Recently, a company that I put down a pre-production deposit for items has disappeared. The company for all intents and purposes seems to have gone out of business. There is no contact information listed on their website (which recently went from a big box format to a blank white page with no information) and the owner and all employees have vanished. I paid my deposit probably more than a year ago and have been patiently waiting for the item to be produced. The item was made on a demand basis and would only be made to satisfy pre-orders. No extra stock available. 

Is there a time limit to chargebacks? Any consumers out there with similar experiences?

The amount of money involved for me is around $60 but I know there were others affected by this as well, so the impact reaches a lot of people. Someone recently raised the idea of 'class action' so it would seem the money is gone and not coming back.

What would you do? Chalk it up to sh-t happens and move on? Attempt chargeback through paypal or VISA?


----------



## Andre (Sep 13, 2012)

I don't know what the time limit is, but I'd still call VISA and tell them what you told us. Credit card companies are very diligent about protecting their clients, so you might even see them credit you back the $60 while they go after whoever was running this company (or just chalk it up to their own loss).

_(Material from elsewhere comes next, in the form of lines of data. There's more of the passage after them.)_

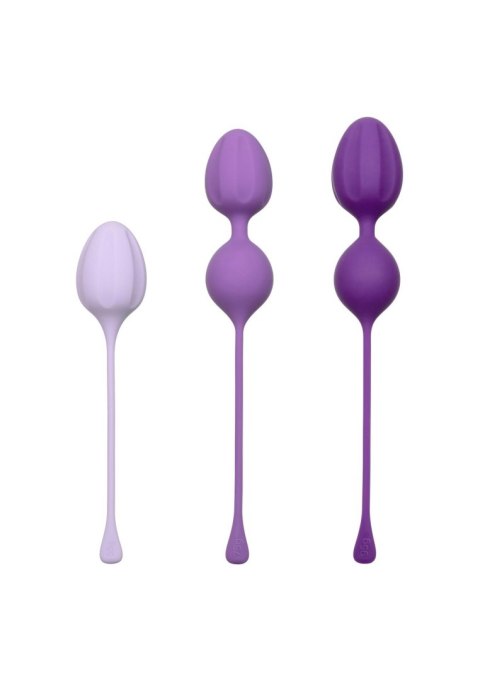 Kegel Training 3 Pcs Purple Calexotics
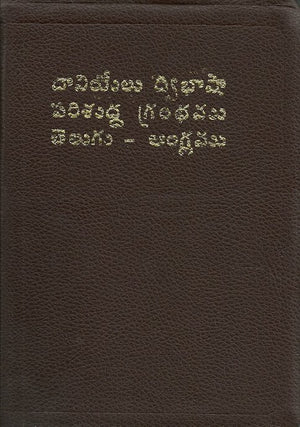 DANIEL BILLINGUAL TELUGU & ENGLISH - డేనియల్  తెలుగు & ఇంగ్లీష్ బైబిల్ - దానియేలు ద్విభాషా పరిశుద్ధ గ్రంథము: తెలుగు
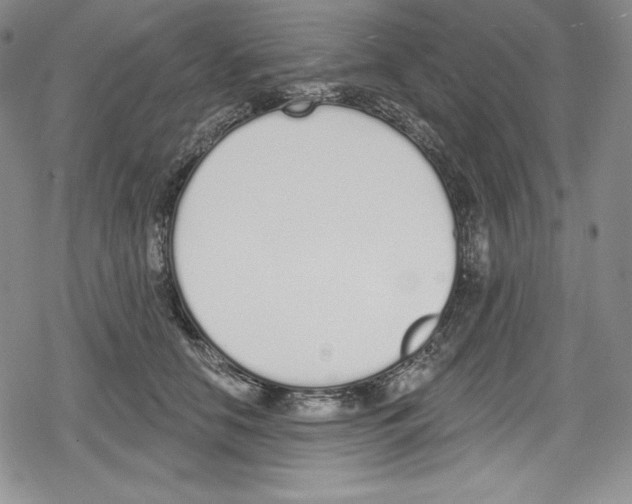 X0000078830658200612111521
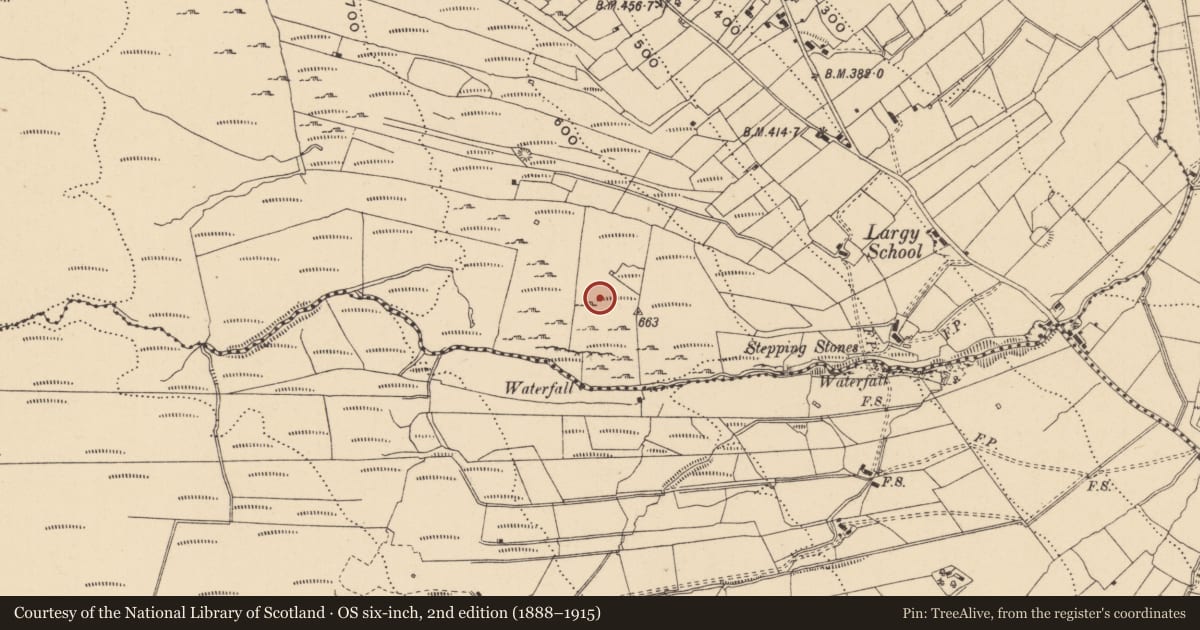 Ordnance Survey six-inch map, 2nd edition (1888–1915) covering the location of Ringfort - rath, Largy, County Leitrim, with a pin at the register's coordinates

I mean, they also might not, but it won't hurt you to report it.




the-royal-mail said:


> Recently, a company that I put down a pre-production deposit for items has disappeared. The company for all intents and purposes seems to have gone out of business. There is no contact information listed on their website (which recently went from a big box format to a blank white page with no information) and the owner and all employees have vanished. I paid my deposit probably more than a year ago and have been patiently waiting for the item to be produced. The item was made on a demand basis and would only be made to satisfy pre-orders. No extra stock available.
> 
> Is there a time limit to chargebacks? Any consumers out there with similar experiences?
> 
> ...


----------



## HaroldCrump (Jun 10, 2009)

The usual rule is 180 days _from the date of shipment_.
In your case, no goods were ever shipped.

Also, it is entirely possible to do a successful charge-back after 180 days.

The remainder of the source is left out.